**WHAT TO PRODUCE:**
The expected output is exactly the lines below, starting at the line with "Electric Wine Opener, Battery" and ending at the line with "Cadorabo Hoesje geschikt", both included; no other line belongs in it.

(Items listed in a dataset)
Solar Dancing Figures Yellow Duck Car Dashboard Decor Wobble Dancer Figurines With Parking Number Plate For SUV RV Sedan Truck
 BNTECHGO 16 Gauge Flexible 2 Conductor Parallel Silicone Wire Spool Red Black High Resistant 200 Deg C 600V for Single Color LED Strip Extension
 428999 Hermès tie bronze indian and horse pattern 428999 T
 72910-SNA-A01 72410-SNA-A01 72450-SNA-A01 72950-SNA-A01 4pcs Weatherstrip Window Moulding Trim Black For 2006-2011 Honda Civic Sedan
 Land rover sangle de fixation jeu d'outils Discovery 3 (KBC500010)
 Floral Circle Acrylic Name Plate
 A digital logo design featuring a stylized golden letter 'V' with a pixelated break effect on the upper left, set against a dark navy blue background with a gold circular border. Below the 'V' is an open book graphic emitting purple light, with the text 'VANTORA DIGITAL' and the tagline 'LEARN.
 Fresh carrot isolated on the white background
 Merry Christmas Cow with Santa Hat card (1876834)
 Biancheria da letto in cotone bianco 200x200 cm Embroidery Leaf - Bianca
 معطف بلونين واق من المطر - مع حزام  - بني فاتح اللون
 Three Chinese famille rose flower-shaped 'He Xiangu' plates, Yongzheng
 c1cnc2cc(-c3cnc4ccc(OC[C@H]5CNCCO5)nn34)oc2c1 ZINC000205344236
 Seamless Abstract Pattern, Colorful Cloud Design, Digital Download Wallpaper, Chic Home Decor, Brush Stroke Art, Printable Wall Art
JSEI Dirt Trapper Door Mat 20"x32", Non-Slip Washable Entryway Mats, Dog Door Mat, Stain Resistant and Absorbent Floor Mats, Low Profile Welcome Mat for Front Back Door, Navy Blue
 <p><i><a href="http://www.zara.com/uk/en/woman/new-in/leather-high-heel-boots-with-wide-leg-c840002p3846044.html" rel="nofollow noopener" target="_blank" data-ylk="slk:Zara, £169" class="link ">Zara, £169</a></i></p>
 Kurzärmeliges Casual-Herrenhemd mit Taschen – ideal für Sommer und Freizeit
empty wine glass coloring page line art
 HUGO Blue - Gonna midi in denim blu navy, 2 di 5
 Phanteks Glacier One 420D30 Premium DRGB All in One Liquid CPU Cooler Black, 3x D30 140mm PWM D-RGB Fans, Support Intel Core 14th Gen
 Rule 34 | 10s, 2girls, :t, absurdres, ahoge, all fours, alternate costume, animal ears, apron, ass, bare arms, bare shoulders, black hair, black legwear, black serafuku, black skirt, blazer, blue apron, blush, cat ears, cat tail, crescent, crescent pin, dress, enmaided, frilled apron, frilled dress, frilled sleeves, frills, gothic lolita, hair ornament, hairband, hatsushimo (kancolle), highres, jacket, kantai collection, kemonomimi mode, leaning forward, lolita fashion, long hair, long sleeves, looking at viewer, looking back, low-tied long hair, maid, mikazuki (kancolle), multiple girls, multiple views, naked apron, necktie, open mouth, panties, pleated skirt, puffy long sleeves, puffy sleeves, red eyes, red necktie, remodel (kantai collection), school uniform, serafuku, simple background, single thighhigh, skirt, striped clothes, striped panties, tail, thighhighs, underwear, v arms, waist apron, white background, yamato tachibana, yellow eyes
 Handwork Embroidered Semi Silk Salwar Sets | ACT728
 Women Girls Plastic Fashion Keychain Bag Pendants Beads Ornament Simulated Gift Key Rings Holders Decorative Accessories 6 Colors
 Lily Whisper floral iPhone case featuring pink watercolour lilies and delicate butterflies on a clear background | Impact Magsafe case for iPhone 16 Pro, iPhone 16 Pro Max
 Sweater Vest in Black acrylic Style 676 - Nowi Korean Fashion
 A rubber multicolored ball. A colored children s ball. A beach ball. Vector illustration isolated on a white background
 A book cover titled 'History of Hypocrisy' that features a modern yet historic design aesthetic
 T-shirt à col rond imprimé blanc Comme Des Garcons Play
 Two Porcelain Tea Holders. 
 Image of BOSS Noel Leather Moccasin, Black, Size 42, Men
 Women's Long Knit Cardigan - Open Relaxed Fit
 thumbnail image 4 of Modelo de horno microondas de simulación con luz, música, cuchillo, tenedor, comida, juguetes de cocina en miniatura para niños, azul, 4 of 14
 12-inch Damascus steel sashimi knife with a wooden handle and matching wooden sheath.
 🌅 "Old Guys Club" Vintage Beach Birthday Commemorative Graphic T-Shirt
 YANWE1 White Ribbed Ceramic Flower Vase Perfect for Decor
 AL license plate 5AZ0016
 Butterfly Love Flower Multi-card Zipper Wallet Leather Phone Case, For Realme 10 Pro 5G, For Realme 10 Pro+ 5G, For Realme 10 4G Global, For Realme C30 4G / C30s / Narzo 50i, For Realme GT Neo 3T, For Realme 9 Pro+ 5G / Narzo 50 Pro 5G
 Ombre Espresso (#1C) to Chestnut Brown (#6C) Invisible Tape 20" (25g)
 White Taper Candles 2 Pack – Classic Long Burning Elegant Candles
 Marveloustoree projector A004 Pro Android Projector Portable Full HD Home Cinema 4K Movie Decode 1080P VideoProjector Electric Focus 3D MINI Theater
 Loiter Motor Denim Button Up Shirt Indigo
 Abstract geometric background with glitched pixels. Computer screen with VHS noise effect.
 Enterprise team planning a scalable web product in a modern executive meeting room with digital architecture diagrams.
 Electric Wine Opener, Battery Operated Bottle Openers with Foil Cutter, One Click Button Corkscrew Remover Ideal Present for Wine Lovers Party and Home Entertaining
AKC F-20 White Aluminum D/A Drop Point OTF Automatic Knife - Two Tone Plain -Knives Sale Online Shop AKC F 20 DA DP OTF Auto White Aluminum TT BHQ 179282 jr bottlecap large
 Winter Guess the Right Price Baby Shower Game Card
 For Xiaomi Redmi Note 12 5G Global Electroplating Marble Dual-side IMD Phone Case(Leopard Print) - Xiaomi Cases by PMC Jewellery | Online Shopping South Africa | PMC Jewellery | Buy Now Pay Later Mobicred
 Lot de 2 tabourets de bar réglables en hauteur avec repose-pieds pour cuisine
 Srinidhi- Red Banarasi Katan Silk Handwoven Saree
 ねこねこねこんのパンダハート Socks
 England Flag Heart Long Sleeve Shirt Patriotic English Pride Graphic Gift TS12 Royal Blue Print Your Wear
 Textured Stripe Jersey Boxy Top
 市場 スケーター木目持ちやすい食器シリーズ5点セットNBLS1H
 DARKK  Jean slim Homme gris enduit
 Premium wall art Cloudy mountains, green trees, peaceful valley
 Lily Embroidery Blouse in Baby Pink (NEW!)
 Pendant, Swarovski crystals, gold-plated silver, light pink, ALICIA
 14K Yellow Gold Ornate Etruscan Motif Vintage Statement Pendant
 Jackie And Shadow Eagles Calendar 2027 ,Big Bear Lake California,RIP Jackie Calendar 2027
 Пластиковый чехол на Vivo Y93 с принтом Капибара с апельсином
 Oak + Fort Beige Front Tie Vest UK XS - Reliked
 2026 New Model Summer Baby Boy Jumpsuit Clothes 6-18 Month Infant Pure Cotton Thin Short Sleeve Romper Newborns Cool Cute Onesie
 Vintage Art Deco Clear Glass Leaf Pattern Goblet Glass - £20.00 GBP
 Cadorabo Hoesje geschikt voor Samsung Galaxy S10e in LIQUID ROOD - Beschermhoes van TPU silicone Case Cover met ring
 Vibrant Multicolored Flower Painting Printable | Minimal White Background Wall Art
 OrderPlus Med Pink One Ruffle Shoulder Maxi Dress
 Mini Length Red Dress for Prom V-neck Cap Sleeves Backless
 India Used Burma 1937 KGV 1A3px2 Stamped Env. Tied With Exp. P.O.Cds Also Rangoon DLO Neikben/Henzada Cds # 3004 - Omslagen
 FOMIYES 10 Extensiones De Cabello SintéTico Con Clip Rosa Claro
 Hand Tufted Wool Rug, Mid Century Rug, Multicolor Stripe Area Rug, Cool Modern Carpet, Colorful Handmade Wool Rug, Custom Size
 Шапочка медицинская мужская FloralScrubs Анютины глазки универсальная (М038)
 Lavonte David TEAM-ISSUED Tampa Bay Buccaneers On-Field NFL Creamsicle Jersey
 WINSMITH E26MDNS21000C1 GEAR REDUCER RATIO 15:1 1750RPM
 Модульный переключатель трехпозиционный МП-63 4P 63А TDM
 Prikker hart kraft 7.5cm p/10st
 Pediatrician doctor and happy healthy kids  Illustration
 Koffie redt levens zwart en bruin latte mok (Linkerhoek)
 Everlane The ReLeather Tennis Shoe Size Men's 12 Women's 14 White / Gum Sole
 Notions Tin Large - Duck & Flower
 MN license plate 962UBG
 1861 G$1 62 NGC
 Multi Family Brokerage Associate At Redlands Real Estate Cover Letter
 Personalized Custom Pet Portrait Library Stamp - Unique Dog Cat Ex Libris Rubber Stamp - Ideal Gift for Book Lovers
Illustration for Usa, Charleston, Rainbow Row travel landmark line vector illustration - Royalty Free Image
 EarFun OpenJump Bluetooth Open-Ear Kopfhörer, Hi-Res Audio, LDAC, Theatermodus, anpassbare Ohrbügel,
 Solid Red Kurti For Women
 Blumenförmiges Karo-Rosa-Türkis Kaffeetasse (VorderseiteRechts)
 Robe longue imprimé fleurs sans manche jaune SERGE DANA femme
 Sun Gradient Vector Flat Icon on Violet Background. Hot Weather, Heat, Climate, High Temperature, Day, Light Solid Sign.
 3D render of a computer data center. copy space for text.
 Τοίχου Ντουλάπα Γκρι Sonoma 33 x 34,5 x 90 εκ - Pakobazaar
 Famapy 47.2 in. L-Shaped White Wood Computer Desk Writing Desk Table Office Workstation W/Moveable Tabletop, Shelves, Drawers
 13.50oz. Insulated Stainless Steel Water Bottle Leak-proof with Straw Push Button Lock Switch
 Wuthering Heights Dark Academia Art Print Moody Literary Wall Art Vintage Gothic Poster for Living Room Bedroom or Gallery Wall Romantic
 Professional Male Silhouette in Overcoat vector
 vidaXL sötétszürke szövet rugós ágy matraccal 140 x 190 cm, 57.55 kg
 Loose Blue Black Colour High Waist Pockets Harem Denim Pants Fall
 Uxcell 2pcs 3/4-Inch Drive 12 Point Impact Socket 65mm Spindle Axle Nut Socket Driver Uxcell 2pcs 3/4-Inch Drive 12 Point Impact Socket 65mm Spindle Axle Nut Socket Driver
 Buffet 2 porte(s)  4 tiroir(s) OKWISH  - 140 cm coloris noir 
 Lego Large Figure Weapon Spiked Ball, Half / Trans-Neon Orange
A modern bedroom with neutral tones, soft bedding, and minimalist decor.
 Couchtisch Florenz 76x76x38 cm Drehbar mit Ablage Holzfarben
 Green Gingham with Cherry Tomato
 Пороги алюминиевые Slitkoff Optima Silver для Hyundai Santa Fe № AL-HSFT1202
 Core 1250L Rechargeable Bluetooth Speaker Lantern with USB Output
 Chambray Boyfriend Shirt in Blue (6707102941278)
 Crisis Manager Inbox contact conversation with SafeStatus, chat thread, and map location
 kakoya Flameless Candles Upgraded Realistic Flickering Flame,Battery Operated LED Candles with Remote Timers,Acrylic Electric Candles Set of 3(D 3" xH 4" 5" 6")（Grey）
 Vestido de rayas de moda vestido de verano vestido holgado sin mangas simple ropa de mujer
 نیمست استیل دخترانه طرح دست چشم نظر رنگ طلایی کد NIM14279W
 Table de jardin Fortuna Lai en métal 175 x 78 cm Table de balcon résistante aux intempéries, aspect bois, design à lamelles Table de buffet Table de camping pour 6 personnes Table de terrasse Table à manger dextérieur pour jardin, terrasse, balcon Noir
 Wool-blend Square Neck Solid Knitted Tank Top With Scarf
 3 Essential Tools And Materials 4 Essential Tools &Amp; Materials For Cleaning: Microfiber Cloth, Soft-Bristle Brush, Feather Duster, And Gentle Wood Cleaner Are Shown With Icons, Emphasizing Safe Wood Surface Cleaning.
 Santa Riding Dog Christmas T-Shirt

**RESPONSE AREA:**
 Electric Wine Opener, Battery Operated Bottle Openers with Foil Cutter, One Click Button Corkscrew Remover Ideal Present for Wine Lovers Party and Home Entertaining
AKC F-20 White Aluminum D/A Drop Point OTF Automatic Knife - Two Tone Plain -Knives Sale Online Shop AKC F 20 DA DP OTF Auto White Aluminum TT BHQ 179282 jr bottlecap large
 Winter Guess the Right Price Baby Shower Game Card
 For Xiaomi Redmi Note 12 5G Global Electroplating Marble Dual-side IMD Phone Case(Leopard Print) - Xiaomi Cases by PMC Jewellery | Online Shopping South Africa | PMC Jewellery | Buy Now Pay Later Mobicred
 Lot de 2 tabourets de bar réglables en hauteur avec repose-pieds pour cuisine
 Srinidhi- Red Banarasi Katan Silk Handwoven Saree
 ねこねこねこんのパンダハート Socks
 England Flag Heart Long Sleeve Shirt Patriotic English Pride Graphic Gift TS12 Royal Blue Print Your Wear
 Textured Stripe Jersey Boxy Top
 市場 スケーター木目持ちやすい食器シリーズ5点セットNBLS1H
 DARKK  Jean slim Homme gris enduit
 Premium wall art Cloudy mountains, green trees, peaceful valley
 Lily Embroidery Blouse in Baby Pink (NEW!)
 Pendant, Swarovski crystals, gold-plated silver, light pink, ALICIA
 14K Yellow Gold Ornate Etruscan Motif Vintage Statement Pendant
 Jackie And Shadow Eagles Calendar 2027 ,Big Bear Lake California,RIP Jackie Calendar 2027
 Пластиковый чехол на Vivo Y93 с принтом Капибара с апельсином
 Oak + Fort Beige Front Tie Vest UK XS - Reliked
 2026 New Model Summer Baby Boy Jumpsuit Clothes 6-18 Month Infant Pure Cotton Thin Short Sleeve Romper Newborns Cool Cute Onesie
 Vintage Art Deco Clear Glass Leaf Pattern Goblet Glass - £20.00 GBP
 Cadorabo Hoesje geschikt voor Samsung Galaxy S10e in LIQUID ROOD - Beschermhoes van TPU silicone Case Cover met ring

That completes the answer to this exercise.